Relating the gate-to-source voltages to the input voltage, [link] becomes

${k}_{N}\left({v}_{I}-{V}_{\text{ThN}}{\right)}^{2}={k}_{P}\left({V}_{\text{DD}}-{v}_{I}+{V}_{\text{ThP}}{\right)}^{2}$

For this ideal case, the output voltage does not appear in [link], and the input voltage is a constant, as long as the two transistors are biased in the saturation region.

Voltage ${v}_{I}$ from [link] is the input voltage at the PMOS and NMOS transition points. Solving for ${v}_{I}$, we find that

${v}_{I}={V}_{\text{It}}=\frac{{V}_{\text{DD}}+{V}_{\text{ThP}}+\sqrt{\frac{{k}_{N}}{{k}_{P}}}{V}_{\text{ThN}}}{1+\sqrt{\frac{{k}_{N}}{{k}_{P}}}}$

For ${v}_{I}>{V}_{\text{It}}$, the NMOS is biased in the nonsaturation region and the PMOS is biased in the saturation region. Again equating the two drain currents, we have

${k}_{N}\left[2\left({v}_{\text{GSN}}-{V}_{\text{ThN}}\right){v}_{\text{DSN}}-{v}_{\text{DSN}}^{2}\right]={k}_{P}\left({v}_{\text{SGP}}+{V}_{\text{ThP}}{\right)}^{2}$

Also, relating the gate-to-source and drain-to-source voltages to the input and output voltages, respectively, modifies [link], as follows:

${k}_{N}\left[2\left({v}_{I}-{V}_{\text{ThN}}\right){v}_{0}-{v}_{0}^{2}\right]={k}_{P}\left({V}_{\text{DD}}-{v}_{I}+{V}_{\text{ThP}}{\right)}^{2}$

[link] relates the input and output voltages as long as the NMOS is biased in the nonsaturation region and the PMOS in the saturation region. [link] shows the completed voltage transfer curve.

CMOS Inverter Currents

When the CMOS inverter input voltage is either a logic 0 or a logic 1, the current in the circuit is zero since one of the transistor is off. When the input voltage is in the range ${V}_{\text{ThN}}<{v}_{I}<{V}_{\text{DD}}-/{V}_{\text{ThP}}/$, both transistors conducting and a current exists in the inverter.

When the NMOS transistor is biased in the saturation region, the current in the inverter is controlled by ${v}_{\text{GSN}}$ and the PMOS source-to-drain voltage adjusts such that ${i}_{\text{DP}}={i}_{\text{DN}}$. This condition is demonstrated in [link]. We can write

${i}_{\text{DN}}={i}_{\text{DP}}={k}_{N}\left({v}_{\text{GSN}}-{V}_{\text{ThN}}{\right)}^{2}={k}_{N}\left({v}_{I}-{V}_{\text{ThN}}{\right)}^{2}$

Taking the square root yields

$\sqrt{{i}_{\text{DN}}}=\sqrt{{i}_{\text{DP}}}=\sqrt{{k}_{N}}\left({v}_{I}-{V}_{\text{ThN}}\right)$

As long as the NMOS transistor is biased in the saturation region, the square root of the CMOS inverter is a linear function of the input voltage.
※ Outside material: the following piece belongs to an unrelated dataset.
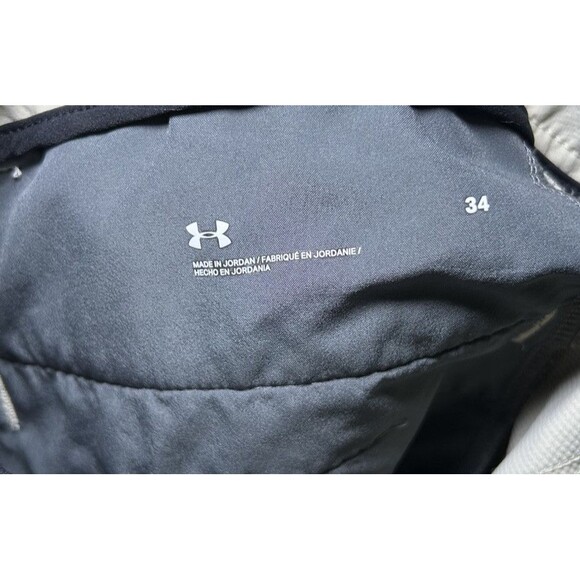 Under Armour Men's Khaki Base Tech Shorts Size 34 - Picture 6 of 6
When the PMOS transistor is biased in the saturation region, the current in the inverter is controlled by ${v}_{\text{SGP}}$ and the NMOS drain-to-source voltage adjusts such that ${i}_{\text{DP}}={i}_{\text{DN}}$. This condition is demonstrated in [link]. Using [link], we can write that

${i}_{\text{DN}}={i}_{\text{DP}}={k}_{P}\left({V}_{\text{DD}}-{v}_{I}+{V}_{\text{ThP}}{\right)}^{2}$

Taking the square root yields

$\sqrt{{i}_{\text{DN}}}=\sqrt{{i}_{\text{DP}}}=\sqrt{{k}_{N}}\left({V}_{\text{DD}}-{v}_{I}+{V}_{\text{ThP}}\right)$

As long as the PMOS transistor is biased in the saturation region, the square root of the CMOS inverter current is also a linear function of the input voltage.
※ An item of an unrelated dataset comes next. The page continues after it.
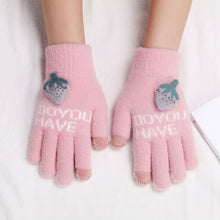 Load image into Gallery viewer, Cable Knit Anti-Slip Touchscreen Texting Gloves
[link] shows plots of the square root of the inverter current for two values of ${V}_{\text{DD}}$ bias. These curves are quasi-static characteristics in that no current is diverted into a capacitive load. At the inverter switching point, both transistors are biased in the saturation region and both transistors influence the current. At the switching point, actual current characteristic does not have a sharp discontinuity in the slope. The channel length modulation parameter $\lambda$ also influences the current characteristics at the peak values. However, the curves in [link] are excellent approximations.

## Power Dissipation

In the quiescent or static state, in which the input is either a logic 0 or logic 1; power dissipation in the CMOS inverter is virtually zero. However, during the switching cycle from one to another, current flows and power is dissipated. The CMOS inverter and logic circuits are used to drive other MOS devices for which the input impedance is a capacitance. During the switching cycle, then, this load capacitance must be charged and discharged.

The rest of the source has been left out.